Date: Wed, 3 Sep 1997 00:25:05 +0100
From: James Heartfield <James-AT-heartfield.demon.co.uk>
Subject: M-I: Blair's willing executioners


In message <199709021844.TAA21079-AT-spock.tinet.ie>, Karl Carlile
<expresspost-AT-tinet.ie> writes
>I am interested to know how in this context you view the British
>working class? Do you view the present state of working class politics
>in Britain as simply a result of the defeat of the working class?

Big question! At the risk of hyperbole, I would say that the historical
condition of working class organisation internationally is more
profoundly damaged than it was by the fascist enterprise. The
reactionary wave of politics of the thirties and forties impacted upon
the working class from the outside, so to speak.
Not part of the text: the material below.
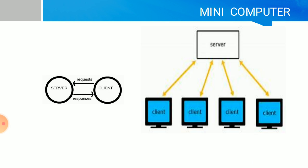Mini computers work as both server and client. When they work as client, the client computer sends requests to the server for information, and the server computer sends the response to the client. The server and client can exchange information.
Repression was its
principle characteristic. (The situation in the allied countries is
rather different - there reformism - and Stalinism - took hold.)

The internal collapse of the reformist and Stalinist movements in the
seventies and eighties is more far-reaching for working class self-
organisation. To qualify that, it should be stressed that the material
conditions of the working class - at least in the advanced countries -
are much better than in the early century.

None the less this is the first time in a hundred years that the working
class has had no political existence or impact, beyond the partial and
fragmentary. That seems to me to be a self-inflicted defeat whose
consequences are not to be minimised. The mawkish spectacle of Tony
Blair magically saving the Labour Party by turning it into a middle
class Sunday School should explain that state of the British working
class movement.

If you want a quick snap-shot of the primitive state of working class
consciousness in Britain, just take a look at the current spasm over
Princess Diana. It might be hard to believe for those off these shores,
but literally millions of people are expected (and I don't think that is
exaggeration) to attend the funeral on Saturday. Already everything has
been cancelled on the day.

In particular the shallow movement for Scottish devolution has been
cruelly exposed as a none event: all parties have agreed to suspend the
campaign for SCOTTISH devolution to mourn this ENGLISH princess. Pity
the poor Scottish Football Team, whose match with Belorussia could only
be scheduled on Saturday afternoon. Already they have been denounced as
'traitors', by Scottish MPs and newspapers, who, only days ago were
telling the Scots that it was their duty to vote for a devolution and a
Scottish parliament!
-----------------
At the risk of turning into a fascism bore, I found this rather useful
article by Elmar Altvater and some others in the Confereence of
Socialist Economists Bulletin: On the analysis of Imperialism in the
metropolitan countries: the West German example.

Altvater et al look at some indicators of the rate of exploitation under
fascism:

'The most favourable relation in the twenties between income to capital
and income to labour in industry was 16 per cent in 1927, dropping to
1.6 per cent in the crisis year of 1931. In the course of fascism the
relation between income to capital and income to labour managed to be
raised from 7.5 per cent in 1934 to 43.4 per cent in 1938.

'This set of figures clearly brings out the historical function of
fascism [marvellously unfashionable formulation, I know, but this was
written in the seventies]. It rasied the rate of exploitation of the
working class extremely rapidly and extensively to a level 300 per cent
above that of the Weimar Republic. This led to the rate of profit being
increased so much that capital accumulation expereinced a new boom. The
organized working class had been smashed and every attempt to resist
fascist authority ended in the concentration camps. 

...

'West German capital reaped the benefit of the fascist form of the
fulfillment of the drive for surplus labour, after fascism had been
defeated politically and militarily: the higher level of the rate of
exploitation which had been brought about by force was maintained for
ten years after the period of fascism.'

Can I just say that this materialistic analysis in no way precludes an
investigation of the ideological or social bases of fascism or the
holocaust.

Fraternally
-- 
James Heartfield

PS I entirely agree with Andrew Austin on the dialectics question. The whole
possibility of a *development* as opposed to mere change is inconceivable
without consciousness. Nature has no progress and does not learn from its
mistakes. Dialectic must be more than flux.